De un día para otro me vi dando largos paseos y recogiendo heces de perro, algo a lo que, os aseguro, le tenía verdadera tirria. De hecho me compadecía de quienes se veían obligados a hacerlo, no había más que mirar sus caras de circunstancias en el momento preciso. Pensaba que jamás tendría perro sólo por evitarme semejante suplicio.
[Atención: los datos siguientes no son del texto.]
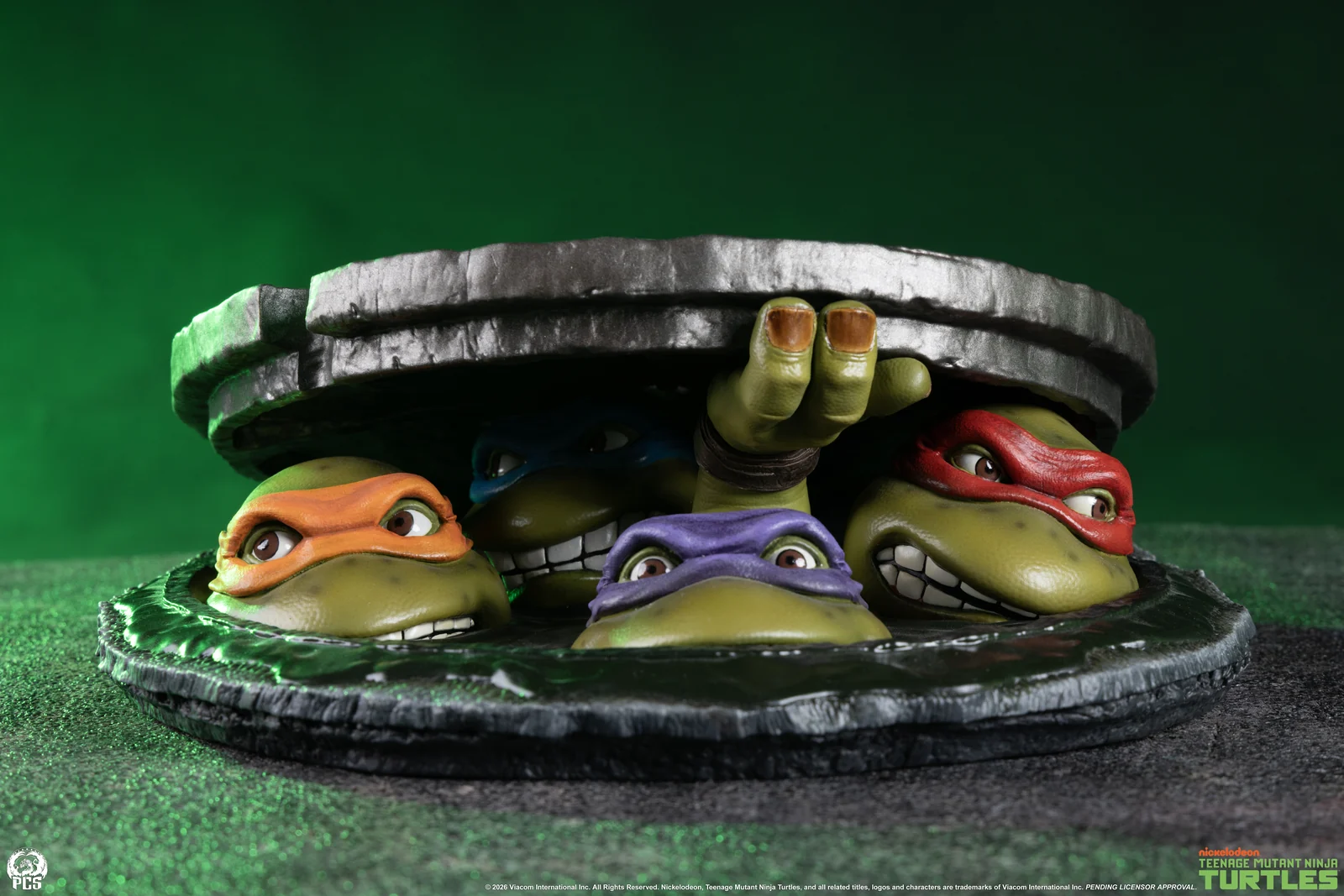 Teenage Mutant Ninja Turtles (1990) Underground (Tabletop Edition) 1/4 Scale Statue 3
Ahora lo siento como un mal menor porque estar con ella lo compensa con creces. Además, he logrado darle la vuelta al asunto. La recogida de heces es todo un arte. La primera vez que me enfrenté a ello, metí la pata hasta el fondo y acabé literalmente pringada. Como siempre voy con prisa y algo descolocada, al agacharme, el bolso hizo efecto péndulo y se me fue directo hacia aquel despojo nauseabundo que parecía tener una especie de imán misterioso porque toda yo tendía hacia él irremediablemente. Menos mal que nadie lo vio. Sólo me faltó caer de cabeza.

La lección del primer día no la olvidaré en la vida. Ahora, cada mañana cargo la bolsa de la perra de bolsitas de plástico, toallitas dodot y una botella llena de agua con un poco de jabón.

Cuando Sasha defeca en cualquier inesperado lugar de la calzada, yo me detengo. ¡Muy importante! Recoloco el bolso en el hombro para evitar traiciones de la física. Me aparto el cabello, saco la bolsita, me agacho con cierta elegancia, recojo el regalito con la bolsita, y como veo que en el suelo siempre queda algún desagradable resto, saco las toallitas dodot, doblo dos o tres juntas, remato la faena, introduzco las toallitas también en la bolsa, la cierro bien y la tiro a la basura.

Detesto las calles con olor a orín. Me sucede como con las personas, por muy hermosas que sean si huelen mal, huyo. Cuando Sasha orina suele hacerlo en los alcorques aunque a veces también en cualquier lugar imprevisible. Entonces, saco mi botella y lanzo medio litro de agua con jabón sobre el charco de orín, jabón natural por supuesto, para no andar contaminando a los pobres árboles que no tienen la culpa de que algunas seamos unas obsesas de la limpieza.

El otro día un abuelo del barrio me dijo, ¡ay hija si todos hicieran como tú!

Se me hinchó el pecho de orgullo. Vivo en una comarca que se salta la ley como si nada y yo limpiándoles el suelo gratuitamente. Tiene bemoles el asunto.

A pesar de ser mansa como una vaca, Sasha tiene algo de cazadora y se vuelve loca en la montaña. Tendríais que verla restregándose en la tierra, devorando palos y metiéndose en todos los charcos imaginables.

Viendo que todos estábamos encantados con ella, la gata incluida, hace cosa de un mes formalicé su adopción con el veterinario de la protectora.

Aquí la tengo, a mi lado. Cuando escribo, ella duerme plácidamente.